Tridico difende il reddito di cittadinanza: “Non è un finanziamento a ‘non lavoro'”
Il salario non è più in grado di assicurare una vita dignitosa al 30% dei lavoratori italiani. I dati Inps sono chiari e impietosi. Cosa fare quindi? Ecco la domanda a cui cerca di rispondere il libro ‘Ripensare lo stato sociale‘, presentato oggi nella sede dell’Inps a palazzo Wedekind. “Perché non finanziare il lavoro invece che assistere sterilmente la disoccupazione?”, domanda l’autore Giulio Prosperetti, giudice della Corte costituzionale. Meglio estendere le tutele per chi lavora piuttosto che ampliare il reddito o la pensione di cittadinanza.
“Se dovessi ridurre il libro a uno slogan- dice Prosperetti- sarebbe ‘finanziare il lavoro, non il non lavoro“. Ridurre la disuguaglianza invece di compensarla. “Lo slogan non aiuta- ribatte il presidente dell’Inps Pasquale Tridico– non lo condivido. Il problema è molto più complesso“. Per Tridico la sfida è quindi riuscire a integrare i redditi da lavoro, magari “rafforzando i servizi invece che i trasferimenti monetari”, ma “senza contrapporre lavoro e non lavoro”.

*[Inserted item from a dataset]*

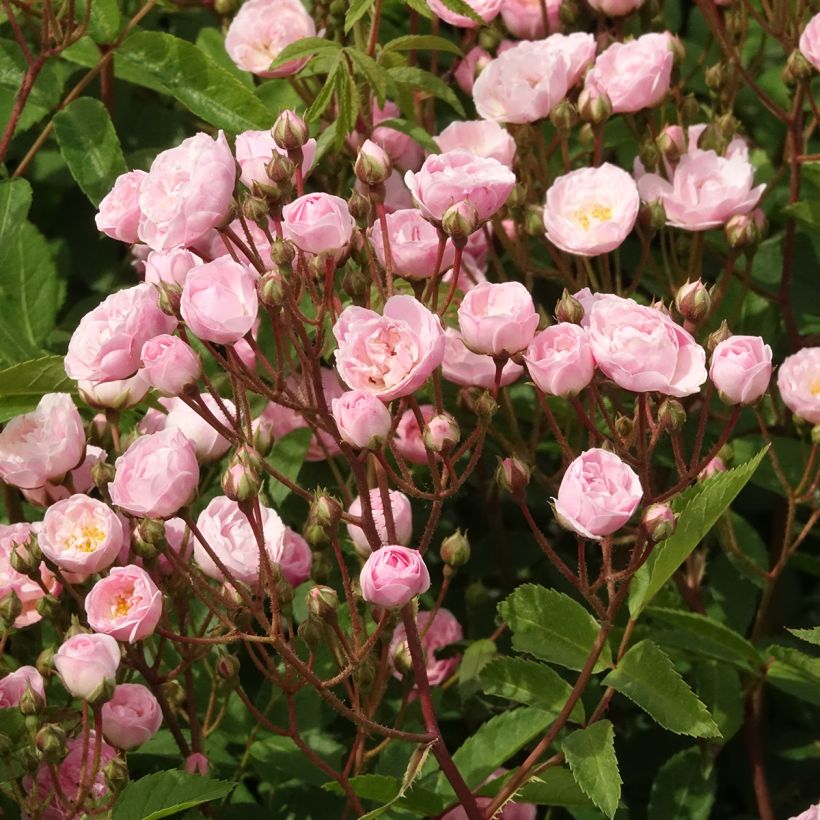Rosa moscata Heavenly Pink LENnedi (Fioritura)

Per Elena Granaglia, professoressa ordinaria di Giurisprudenza all’università di Roma3, “siamo di fronte a un mondo del lavoro lontano da quello auspicato dalla Costituzione”. È lei a sottolineare l’importanza di “forme di integrazione dei redditi da lavoro”. Poi, citando il libro di Prosperetti, fa l’esempio degli assegni famigliari come modello di sostegno all’occupazione. Patrizia Tullini professoressa di Scienze giuridiche all’università di Bologna, rilancia “l‘introduzione del salario minimo legale” che “non va considerato solo nella logica di una misura anti dumping ma anche come una misura di equità sociale”.